Rouen is home to about forty organs, making it one of the richest cities in France in this field. Fifteen of them are listed as historic monuments, Rouen having been a hotbed of the art of organ building from the Renaissance to the 19th century.
Organ cases with exceptional sculpted decoration are on view for visitors to admire. The oldest can be admired at Saint-Vivien (1515) and Saint-Maclou (1541), while the 17th century shines brilliantly at Saint-Ouen (1630), at Saint-Patrice (1662), at the Cathedral (1689) or at Saint-Romain. In the 18th century, one of Europe’s most famous families of organ builders was based in Rouen: the Lefebvre family built the magnificent organ in the chapel of Hôpital Charles Nicolle (1731) and the grand orgue at Temple Saint-Eloi (1735), with its fantastically slender case.
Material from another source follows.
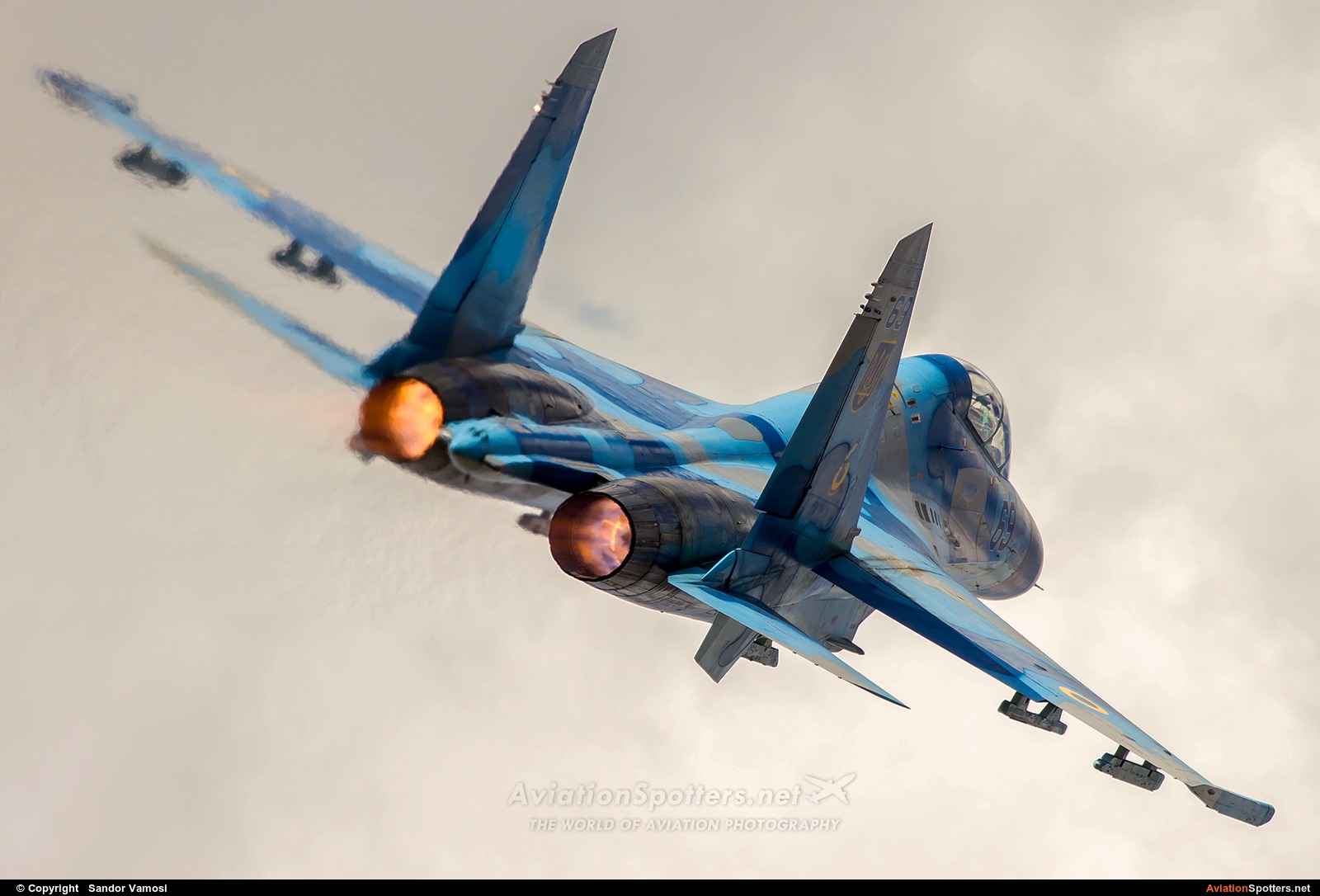 Ukraine - Air Force  -  Su-27UB  (69 BLUE) By Sandor Vamosi (ALEX67)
The Église de la Madeleine (1781) is also well worth a visit, with its venerable tribune organ case echoing the classical colonnade of the building’s façade.
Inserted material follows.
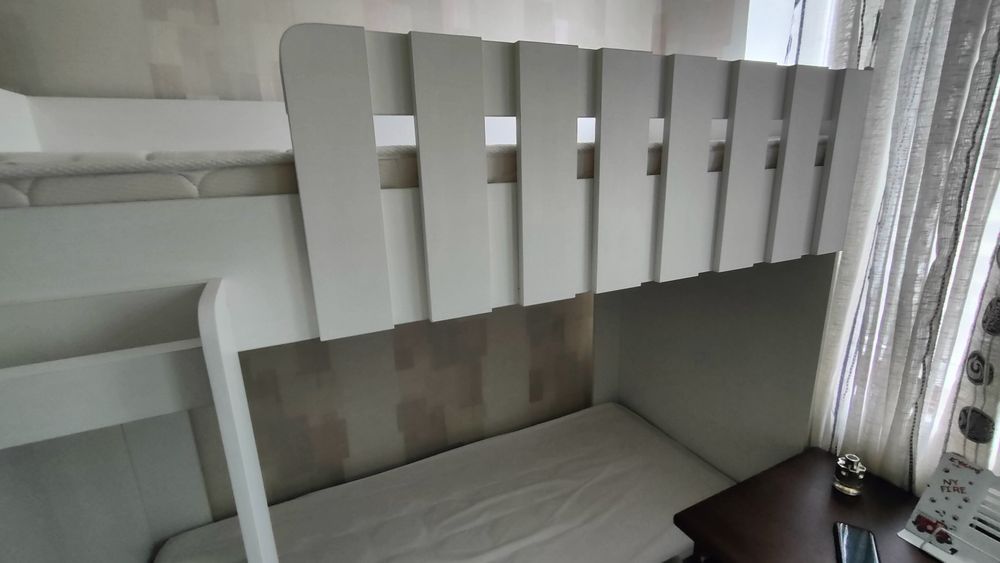 Кровать двухъярусная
Several 19th-century Rouen organbuilders have left us masterpieces such as Saint-Sever and Saint-Vivien. And the brilliant Parisian organ builder Aristide Cavaillé-Coll built the two organs at Saint-Godard (1884) and above all the world-famous organ at Saint-Ouen (1890). “He left his entire personal fortune on it, such was his desire to create an exceptional instrument,” says Jean-Baptiste Monnot, co-titular of the organ. A successful project, since its 64 stops achieve a unique balance of sound, and the organ is now the most recorded in the world.
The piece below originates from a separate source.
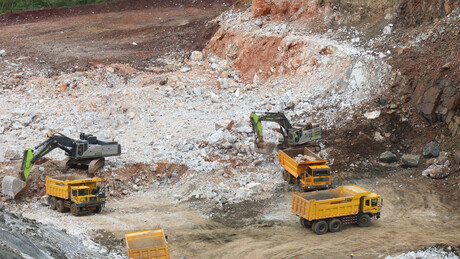 Trump assina decreto criando reserva estratégica de minerais críticos dos EUA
Most of these organs are heard in concert throughout the year. The city of Rouen is currently implementing a preservation plan. After the restoration of the organs at Saint-Godard, Saint-Sever and Saint-Hilaire, it’s now the turn of Saint-Romain, while organist François Ménissier trains brilliant young enthusiasts at the Conservatoire. “Entering a church can be impressive, which is why we’re looking to open up the instrument“, enthuses Jean-Baptiste Monnot, who has developed a small pipe organ that he plays outdoors to meet the general public. A joint project with schools in Paris, Berlin, New York and Boston will soon make Rouen a hotbed of organizational encounters.